Mash Schedule: My Mash
Total Grain Weight: 3.45 kg
----------------------------
My Mash
Step Time Name Description Step Temp
60 min Step Add 8.62 L of water at 76.8 C 68.3 C
 
Sparge with enough to make up your pre-boil volume. You will lose around 1 litre per kilo to grain absorption in the mash and of course you will leave some liquid behind in the kettle so if you put 16 L in you won't get 16 L out.

Reckon I'd look at upping the IBU to around 30 but it's personal taste.

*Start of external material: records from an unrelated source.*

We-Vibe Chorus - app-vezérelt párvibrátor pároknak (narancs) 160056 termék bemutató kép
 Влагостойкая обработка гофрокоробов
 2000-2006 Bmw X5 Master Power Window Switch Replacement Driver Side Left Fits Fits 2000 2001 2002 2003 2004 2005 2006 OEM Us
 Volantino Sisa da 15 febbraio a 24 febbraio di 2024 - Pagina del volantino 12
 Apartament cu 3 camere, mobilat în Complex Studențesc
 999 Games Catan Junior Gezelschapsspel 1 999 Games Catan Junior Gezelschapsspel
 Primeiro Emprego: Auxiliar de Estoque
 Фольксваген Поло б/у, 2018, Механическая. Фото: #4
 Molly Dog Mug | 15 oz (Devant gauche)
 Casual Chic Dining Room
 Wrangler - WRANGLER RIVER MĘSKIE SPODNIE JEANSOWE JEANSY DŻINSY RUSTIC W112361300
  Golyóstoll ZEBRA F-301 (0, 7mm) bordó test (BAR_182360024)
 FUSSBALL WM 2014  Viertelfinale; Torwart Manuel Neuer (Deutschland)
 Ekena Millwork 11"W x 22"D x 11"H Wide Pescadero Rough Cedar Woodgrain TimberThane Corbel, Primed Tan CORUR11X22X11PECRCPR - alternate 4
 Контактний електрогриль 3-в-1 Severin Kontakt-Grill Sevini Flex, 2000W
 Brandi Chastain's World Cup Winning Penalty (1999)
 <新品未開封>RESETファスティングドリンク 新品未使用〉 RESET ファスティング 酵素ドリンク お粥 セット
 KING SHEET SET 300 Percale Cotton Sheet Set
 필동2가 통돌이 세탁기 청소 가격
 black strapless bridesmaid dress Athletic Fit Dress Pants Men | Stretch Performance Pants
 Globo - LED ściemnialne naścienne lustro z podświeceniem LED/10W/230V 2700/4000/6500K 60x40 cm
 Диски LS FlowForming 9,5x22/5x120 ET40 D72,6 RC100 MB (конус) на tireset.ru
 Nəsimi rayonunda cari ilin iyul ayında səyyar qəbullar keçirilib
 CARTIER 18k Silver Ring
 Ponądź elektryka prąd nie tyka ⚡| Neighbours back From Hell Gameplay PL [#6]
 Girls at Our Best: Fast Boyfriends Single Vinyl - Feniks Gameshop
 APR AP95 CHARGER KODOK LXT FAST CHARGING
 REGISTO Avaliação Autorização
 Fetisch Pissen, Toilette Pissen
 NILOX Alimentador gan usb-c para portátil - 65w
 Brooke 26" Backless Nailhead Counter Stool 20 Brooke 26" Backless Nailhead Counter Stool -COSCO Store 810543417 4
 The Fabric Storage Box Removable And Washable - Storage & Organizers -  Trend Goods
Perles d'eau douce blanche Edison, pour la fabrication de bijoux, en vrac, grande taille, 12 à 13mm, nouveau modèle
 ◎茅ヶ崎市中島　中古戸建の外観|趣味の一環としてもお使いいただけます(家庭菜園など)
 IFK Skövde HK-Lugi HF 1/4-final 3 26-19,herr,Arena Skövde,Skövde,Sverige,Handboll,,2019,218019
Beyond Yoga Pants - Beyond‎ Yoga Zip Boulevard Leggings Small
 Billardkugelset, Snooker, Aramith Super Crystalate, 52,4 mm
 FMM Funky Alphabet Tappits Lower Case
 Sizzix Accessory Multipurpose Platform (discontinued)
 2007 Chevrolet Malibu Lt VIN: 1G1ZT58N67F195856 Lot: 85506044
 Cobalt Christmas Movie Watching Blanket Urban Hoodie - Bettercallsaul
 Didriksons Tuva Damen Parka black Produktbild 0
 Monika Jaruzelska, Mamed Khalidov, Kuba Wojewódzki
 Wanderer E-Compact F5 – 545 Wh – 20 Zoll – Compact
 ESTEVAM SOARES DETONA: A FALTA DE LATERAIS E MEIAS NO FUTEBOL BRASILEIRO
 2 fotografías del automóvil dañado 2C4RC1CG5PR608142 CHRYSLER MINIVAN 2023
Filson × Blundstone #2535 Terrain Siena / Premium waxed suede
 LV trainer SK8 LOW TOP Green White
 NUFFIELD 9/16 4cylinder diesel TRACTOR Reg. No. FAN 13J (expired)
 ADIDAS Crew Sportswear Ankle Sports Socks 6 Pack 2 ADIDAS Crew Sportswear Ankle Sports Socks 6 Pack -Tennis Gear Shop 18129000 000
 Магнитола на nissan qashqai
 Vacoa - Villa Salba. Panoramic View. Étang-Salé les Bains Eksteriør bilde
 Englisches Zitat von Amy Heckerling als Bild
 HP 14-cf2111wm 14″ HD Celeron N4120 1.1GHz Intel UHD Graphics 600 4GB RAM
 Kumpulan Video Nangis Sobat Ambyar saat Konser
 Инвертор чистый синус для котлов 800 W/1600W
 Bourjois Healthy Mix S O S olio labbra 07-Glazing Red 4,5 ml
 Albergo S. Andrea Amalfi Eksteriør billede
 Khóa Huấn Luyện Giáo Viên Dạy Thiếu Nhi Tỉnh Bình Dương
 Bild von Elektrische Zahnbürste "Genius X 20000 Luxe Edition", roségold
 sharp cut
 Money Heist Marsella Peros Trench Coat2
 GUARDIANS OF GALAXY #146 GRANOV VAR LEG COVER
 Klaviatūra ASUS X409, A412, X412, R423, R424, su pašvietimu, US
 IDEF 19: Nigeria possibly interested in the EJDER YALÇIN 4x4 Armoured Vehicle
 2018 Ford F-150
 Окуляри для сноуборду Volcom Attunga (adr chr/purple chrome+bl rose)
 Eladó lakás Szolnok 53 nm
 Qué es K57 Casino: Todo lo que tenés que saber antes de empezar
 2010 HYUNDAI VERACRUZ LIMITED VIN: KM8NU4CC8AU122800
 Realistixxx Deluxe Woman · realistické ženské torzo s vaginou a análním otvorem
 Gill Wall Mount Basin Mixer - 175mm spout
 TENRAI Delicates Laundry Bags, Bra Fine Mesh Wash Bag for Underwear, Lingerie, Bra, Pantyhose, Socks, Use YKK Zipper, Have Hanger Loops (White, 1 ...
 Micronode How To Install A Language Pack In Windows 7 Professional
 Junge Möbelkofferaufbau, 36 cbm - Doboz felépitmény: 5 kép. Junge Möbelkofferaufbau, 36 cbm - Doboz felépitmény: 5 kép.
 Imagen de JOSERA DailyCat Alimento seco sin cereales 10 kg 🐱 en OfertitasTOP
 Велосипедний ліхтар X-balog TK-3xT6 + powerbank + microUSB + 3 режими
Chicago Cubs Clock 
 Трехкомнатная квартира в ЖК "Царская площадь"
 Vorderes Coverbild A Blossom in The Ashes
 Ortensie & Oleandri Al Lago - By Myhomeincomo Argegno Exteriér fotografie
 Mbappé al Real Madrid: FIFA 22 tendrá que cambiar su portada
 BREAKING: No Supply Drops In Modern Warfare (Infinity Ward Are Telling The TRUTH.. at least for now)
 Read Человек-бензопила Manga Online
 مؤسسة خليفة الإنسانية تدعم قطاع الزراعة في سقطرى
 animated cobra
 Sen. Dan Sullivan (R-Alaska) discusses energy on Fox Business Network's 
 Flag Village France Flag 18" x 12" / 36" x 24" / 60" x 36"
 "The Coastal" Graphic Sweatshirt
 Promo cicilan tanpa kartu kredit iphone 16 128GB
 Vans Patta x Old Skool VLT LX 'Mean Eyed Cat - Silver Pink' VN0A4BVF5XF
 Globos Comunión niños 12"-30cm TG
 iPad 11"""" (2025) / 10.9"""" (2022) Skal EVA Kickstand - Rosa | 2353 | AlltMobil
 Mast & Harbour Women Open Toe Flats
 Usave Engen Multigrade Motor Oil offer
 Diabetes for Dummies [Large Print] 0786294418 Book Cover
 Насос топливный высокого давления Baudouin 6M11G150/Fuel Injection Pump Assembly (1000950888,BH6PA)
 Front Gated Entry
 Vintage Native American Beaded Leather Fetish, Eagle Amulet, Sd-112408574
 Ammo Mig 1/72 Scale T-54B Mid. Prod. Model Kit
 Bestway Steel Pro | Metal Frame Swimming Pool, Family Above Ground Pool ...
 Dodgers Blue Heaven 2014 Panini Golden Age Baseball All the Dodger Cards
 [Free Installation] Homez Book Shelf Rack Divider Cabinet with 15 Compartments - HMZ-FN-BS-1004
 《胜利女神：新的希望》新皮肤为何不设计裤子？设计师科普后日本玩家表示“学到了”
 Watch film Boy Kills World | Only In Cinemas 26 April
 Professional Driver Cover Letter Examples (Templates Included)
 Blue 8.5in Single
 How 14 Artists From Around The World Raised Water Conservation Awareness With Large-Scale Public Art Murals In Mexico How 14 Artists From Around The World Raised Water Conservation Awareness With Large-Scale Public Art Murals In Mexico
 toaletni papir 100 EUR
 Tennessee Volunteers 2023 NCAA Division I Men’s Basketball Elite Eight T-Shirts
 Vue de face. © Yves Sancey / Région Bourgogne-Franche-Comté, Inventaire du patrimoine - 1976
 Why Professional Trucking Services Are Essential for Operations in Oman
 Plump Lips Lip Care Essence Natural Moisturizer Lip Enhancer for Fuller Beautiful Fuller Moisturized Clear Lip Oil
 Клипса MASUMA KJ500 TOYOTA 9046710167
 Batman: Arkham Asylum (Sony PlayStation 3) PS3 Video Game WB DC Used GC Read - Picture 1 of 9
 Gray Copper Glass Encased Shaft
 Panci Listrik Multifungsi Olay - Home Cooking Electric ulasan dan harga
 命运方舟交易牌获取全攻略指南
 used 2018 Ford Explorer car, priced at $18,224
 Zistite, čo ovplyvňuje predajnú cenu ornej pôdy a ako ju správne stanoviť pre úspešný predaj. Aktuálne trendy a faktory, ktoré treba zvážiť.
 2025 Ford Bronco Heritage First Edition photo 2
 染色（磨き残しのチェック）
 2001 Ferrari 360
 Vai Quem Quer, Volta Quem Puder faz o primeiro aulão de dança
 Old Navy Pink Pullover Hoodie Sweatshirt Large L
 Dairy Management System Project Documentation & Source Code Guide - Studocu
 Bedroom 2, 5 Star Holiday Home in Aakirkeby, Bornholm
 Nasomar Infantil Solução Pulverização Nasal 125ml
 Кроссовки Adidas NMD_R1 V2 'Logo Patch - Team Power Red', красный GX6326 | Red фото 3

I'd mash a bit lower because the extract will give a thick beer anyway. Aim for 66.
 
Ok thanks. Forgot about grain absorption (1 L/kg?).
I'll aim for 30 IBU. Which do think would be better, more hops in late or early in the boil?
I don't want to mask the smell from the grains with late hop additions, so perhaps:

40gm fuggles at 60mins (17.7 IBU)
40gm fuggles at 40mins (15.6 IBU)

thanks
 
I'll jump in here because this thread instigated my decision to use some naked golden oats in my last brew. I think they definitely need to be mashed, they are not at all crystallised, and are very starchy.
 
Domix, I think your recipe looks good, and against Manticle, i'd prefer the lower ibu. I like the mixed dark grains, should be decidedly roasty.
 
Ok thanks. Forgot about grain absorption (1 L/kg?).
I'll aim for 30 IBU. Which do think would be better, more hops in late or early in the boil?
I don't want to mask the smell from the grains with late hop additions, so perhaps:

40gm fuggles at 60mins (17.7 IBU)
40gm fuggles at 40mins (15.6 IBU)

thanks

No need for late hops in a stout unless you are making an american stout or feel experimental.

Anything between 60 and 40. I'd probably stick with a single bittering addition to keep it simple



@ Bizier: from memory (have to look it up) my stout recipe sits around 28-30 and is definitely not too bitter. However it's generally made as a sweet stout. I guess anything between 20 and 30 would service.

OP - maybe aim for 25 and see how you like that?
 
I definitely want the malt to shine in this one. A winter warmer.
As far as a single hop addition, BeerSmith is giving me 23 IBU with 60g of Fuggles at 40 min.
That sounds nice.

Thanks for the input. Most appreciated.